J’ai mis en ligne ma tribune sur la foi du témoignage de certains d’entre vous qu’elle n’avait pas été publiée dans Le Monde. En fait, elle est donc dans le supplément Monde-Economie daté du 12-13 octobre.
Un Bretton Woods dont l’espèce se souvienne
publié sous le titre : « La survie de l’espèce l’exige »
La situation actuelle est très grave : il n’existe aujourd’hui aucune position de repli. Il faut comprendre ce qui s’est passé et produire à partir de là, des solutions neuves : entièrement neuves, car les demi-mesures, on l’observe chaque jour, en Europe comme aux États–Unis, sont aussitôt emportées par la bourrasque.
Une refonte radicale des accords de Bretton Woods passe par une redéfinition des fonctions exercées par les banques centrales.
Dans le cadre du capitalisme, le capitaliste avance un capital à un entrepreneur qui fera fructifier celui-ci par son entreprise. Il se partagent ensuite le surplus généré par la combinaison de ces avances et du travail humain (et des rayons du soleil, ajoutaient les auteurs anciens). Or depuis 1975 environ, les investisseurs – les « capitalistes » – et les dirigeants d’entreprises ont eu la folie de substituer à la part déclinante du surplus revenant aux salariés, le crédit à la consommation. La réalité les a rattrapés et nous payons aujourd’hui tous le prix d’une telle cupidité.
Les banques centrales ont joué ici un rôle particulier, devenant des machines de guerre entre les mains des investisseurs seuls, manipulant les taux d’intérêt pour faire taire les entrepreneurs sous la menace de la fermeture d’entreprise et les salariés sous celle du chômage.
Les intérêts récompensent le capitaliste des avances consenties à l’entrepreneur. Pour que les intérêts puissent être versés, il faut que ces avances aient créé une authentique richesse. Or, le prêt à la consommation ne remplit pas ces conditions : le versement des intérêts est ponctionné sur le salaire de l’emprunteur, produit de son labeur, et nullement sur un surplus généré grâce aux avances. Lorsque les salaires déclinent, les ménages empruntent davantage. Les fonds ne constituent pas une avance productive mais le bouche-trou d’un salaire insuffisant. Du coup, les ménages gèrent leur budget à l’instar d’une « cavalerie ». Il vient un moment où la masse salariale décline à ce point que la cavalerie rentre dans le mur. C’est ce qui vient d’arriver
Une mission délicate avait été confiée aux banques centrales : s’assurer que la monnaie reflète la richesse créée comme surplus et non, comme c’est le cas aujourd’hui, le montant des paris faits partout dans le monde. Il faut que cette mission redevienne d’urgence leur tâche essentielle, réduisant la masse monétaire quand la richesse se contracte et l’accroissant quand elle est en expansion. Ce rôle, elles l’ont assumé par le passé, mais dans un cadre faussé de deux manières. Faussé premièrement parce que représentant les intérêts des seuls investisseurs, alors qu’elles devraient représenter la nation tout entière : investisseurs, dirigeants d’entreprises et salariés, dans le cadre d’une redistribution juste de la richesse entre eux. Faussé deuxièmement, parce qu’aveugle à la nature finie du monde que nous habitons : comptabilisant comme bénéfice net le pillage des ressources naturelles non-renouvelables alors que la richesse doit se juger à sa juste mesure : à l’aune de la santé de la planète, où son épuisement doit être enregistré au passif.
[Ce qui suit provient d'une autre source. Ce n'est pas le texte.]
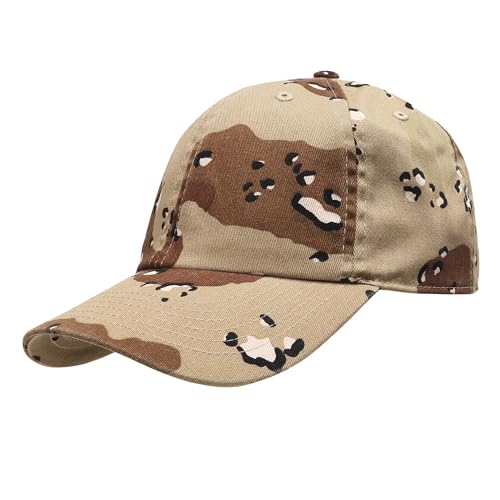 Falari Classic Baseball Cap Dad Hat 100% Cotton Soft Adjustable Size - color: Camouflage - Desert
Un Bretton Woods II ne doit pas viser à modifier la nature humaine : il s’y casserait les dents. Mais le système financier est en morceaux. Le rebâtir ne sera pas un luxe car ce qui est en cause aujourd’hui, c’est la survie de l’espèce. Celle-ci réclame un Bretton Woods dont elle puisse se souvenir, où l’on définisse des principes à valoir pour les siècles des siècles : ceux d’une constitution pour l’économie axée sur la reconstruction du système financier et qui lui rende sa fonction première d’être le système sanguin de l’économie réelle, celle de la production, de la distribution et de la répartition des richesses. Une constitution veille à ce que les états de fait ne dictent pas leur loi : elle se désintéresse du cas par cas pour se contenter d’énoncer des principes directeurs établissant un cadre de référence qui permette de juger non seulement ce qui est mais ce qui adviendra.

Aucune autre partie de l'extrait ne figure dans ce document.